A few days ago I was scripting a Node.js project and I had a very specific need. I wrote a script run as postinstall
, but I wanted to launch it only in specific circumstances. When I found out that npm
clean-install
has an --ignore-scripts
option, I was really glad – until I tried it out.
This is what the documentation says about this option:
If true, npm does not run scripts specified in package.json files.
Note that commands explicitly intended to run a particular script, such as npm start, npm stop, npm restart, npm test, and npm run-script will still run their intended script if ignore-scripts is set, but they will not run any pre- or post-scripts.

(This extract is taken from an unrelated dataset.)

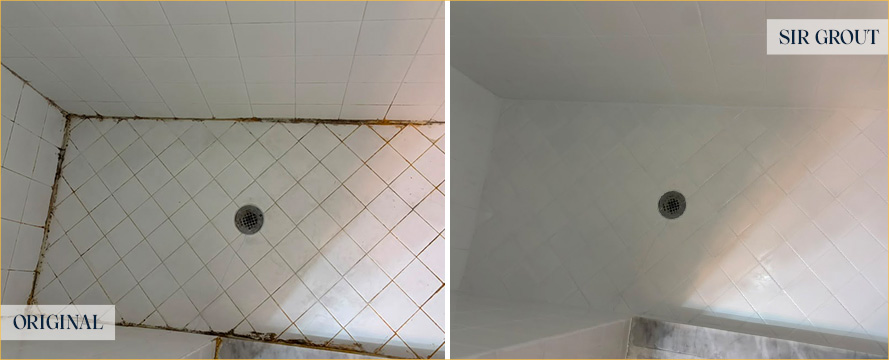 Shower Restored by Our Skilled Tile and Grout Cleaners in Fort Myers, FL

Does that imply that – for example – the postinstall
script is not run? Yes, it does. Does it imply that when installing individual packages into node_modules
, their postinstall
scripts are not run? Hard to say, but that is exactly what happens! In my case, the project contained the esbuild package, which relies on postinstall
to do some rather mysterious stuff related to installing its binary components. (I tried to fathom its postinstall
script, but gave up after a few minutes – it’s certainly doable, but I don’t need this knowledge that much.)

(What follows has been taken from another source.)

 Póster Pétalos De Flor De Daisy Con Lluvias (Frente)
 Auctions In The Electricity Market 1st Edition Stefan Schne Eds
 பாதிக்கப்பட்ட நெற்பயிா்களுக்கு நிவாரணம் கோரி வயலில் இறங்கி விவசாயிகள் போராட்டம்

One way to solve this is to issue the npm rebuild command, either in every subdirectory of node_modules
(which, I’m afraid, might take ages…) or just in those ones which actually need it. The question is, how do I know which ones do? It occurred to me later that I can easily write some code to parse package.json
of every installed module, but this is definitely a case of fighting tools which were supposed to help you…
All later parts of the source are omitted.